Post by: dragonspring on June 15, 2012, 11:01:34 PM
I forgot to look up my notes on the workshop regarding death.  The class I took focused mainly on traditional views of what happens after death but I wrote down were some recommendations about funerary rites.  There was a suggestion to have flowers and candles around the remains to give the etheric body energy it might need to pass out of this plane to the next plane of astral rest.  Also, it was recommended that loved ones sit vigil with the body until it is interred or cremated but not for longer than 3 hours at a time.  The spirit may draw energy from the loved ones to make the transition and more than 3 hours could deplete the energy.

The spirit stages after death are:

1. The etheric body separates soon after death.  Sometimes this may take a day or so but mostly not.
2. There is a period of astral rest.
3. There is a period of karmic review.  This is what some religions call Purgatory or Limbo.

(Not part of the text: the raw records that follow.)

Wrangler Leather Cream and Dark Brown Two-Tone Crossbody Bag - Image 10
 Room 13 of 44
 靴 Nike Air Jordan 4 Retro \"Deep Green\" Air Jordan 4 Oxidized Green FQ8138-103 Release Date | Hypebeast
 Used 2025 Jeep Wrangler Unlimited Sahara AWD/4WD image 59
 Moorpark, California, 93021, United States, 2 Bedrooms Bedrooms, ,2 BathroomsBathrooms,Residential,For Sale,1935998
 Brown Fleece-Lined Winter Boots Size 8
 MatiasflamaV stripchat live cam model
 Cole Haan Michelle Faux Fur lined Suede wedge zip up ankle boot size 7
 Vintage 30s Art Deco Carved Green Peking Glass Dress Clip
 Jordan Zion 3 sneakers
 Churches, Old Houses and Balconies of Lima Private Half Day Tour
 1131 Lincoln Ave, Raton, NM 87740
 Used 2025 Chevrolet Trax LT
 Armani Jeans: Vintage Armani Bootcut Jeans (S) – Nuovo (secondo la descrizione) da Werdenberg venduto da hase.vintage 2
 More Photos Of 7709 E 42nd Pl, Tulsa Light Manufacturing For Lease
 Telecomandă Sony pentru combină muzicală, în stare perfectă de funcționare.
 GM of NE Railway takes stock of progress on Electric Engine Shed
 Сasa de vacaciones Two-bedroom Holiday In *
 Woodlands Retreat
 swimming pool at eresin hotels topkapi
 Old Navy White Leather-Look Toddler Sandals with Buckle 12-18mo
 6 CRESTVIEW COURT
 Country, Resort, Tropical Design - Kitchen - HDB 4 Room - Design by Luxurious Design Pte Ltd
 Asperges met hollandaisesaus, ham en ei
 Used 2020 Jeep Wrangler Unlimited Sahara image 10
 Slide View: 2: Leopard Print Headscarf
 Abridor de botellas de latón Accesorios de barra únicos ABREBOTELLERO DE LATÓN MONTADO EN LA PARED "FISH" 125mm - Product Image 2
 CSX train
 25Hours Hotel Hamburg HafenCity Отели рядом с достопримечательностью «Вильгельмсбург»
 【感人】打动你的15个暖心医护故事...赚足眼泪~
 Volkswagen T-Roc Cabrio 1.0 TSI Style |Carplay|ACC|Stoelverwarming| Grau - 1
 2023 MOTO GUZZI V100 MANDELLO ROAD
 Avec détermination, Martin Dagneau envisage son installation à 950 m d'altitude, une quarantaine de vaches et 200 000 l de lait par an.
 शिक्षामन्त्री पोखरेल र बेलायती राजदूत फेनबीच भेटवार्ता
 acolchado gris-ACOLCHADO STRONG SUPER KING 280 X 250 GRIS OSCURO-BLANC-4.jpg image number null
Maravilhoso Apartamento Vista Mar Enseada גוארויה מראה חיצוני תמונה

4. The spirit goes to the Summerlands to fulfill any wishes from this lifetime and to re-energize.
5. Reincarnation
Title: Re: Death Traditions?
Post by: vordan on June 17, 2012, 12:13:02 AM
I don't know my coven has no specific death ritual but we have a circle of rememberance for people especially around Samhain. I have given some very serious thought to how to celebrate the death that comes for all. The circle encompasses all of my beliefs about death, about how nothing really ends but is transformed. Our eternal souls do not perish but journey into the great mystery. I can think of no greater tribute to a pagan then in the forming of a circle for it is eternal. Often in our seasonal circles we go around the circle each member discussing what strikes them about the season, what sticks in their mind. I think a circle of rememberance for a particular person should do the same. Pagans sing a song often to end a ritual May the Circle Be Open Yet Unbroken, most coven Wiccans know this song, also the song, Mother of Darkness, We all Come From the Goddess, would be a lovely song for such an event. Even if a person is not a pagan but a Christian the circle can symbolize their beliefs in the hereafter as in the bluegrass and gospel tune, May the Circle be Unbroken.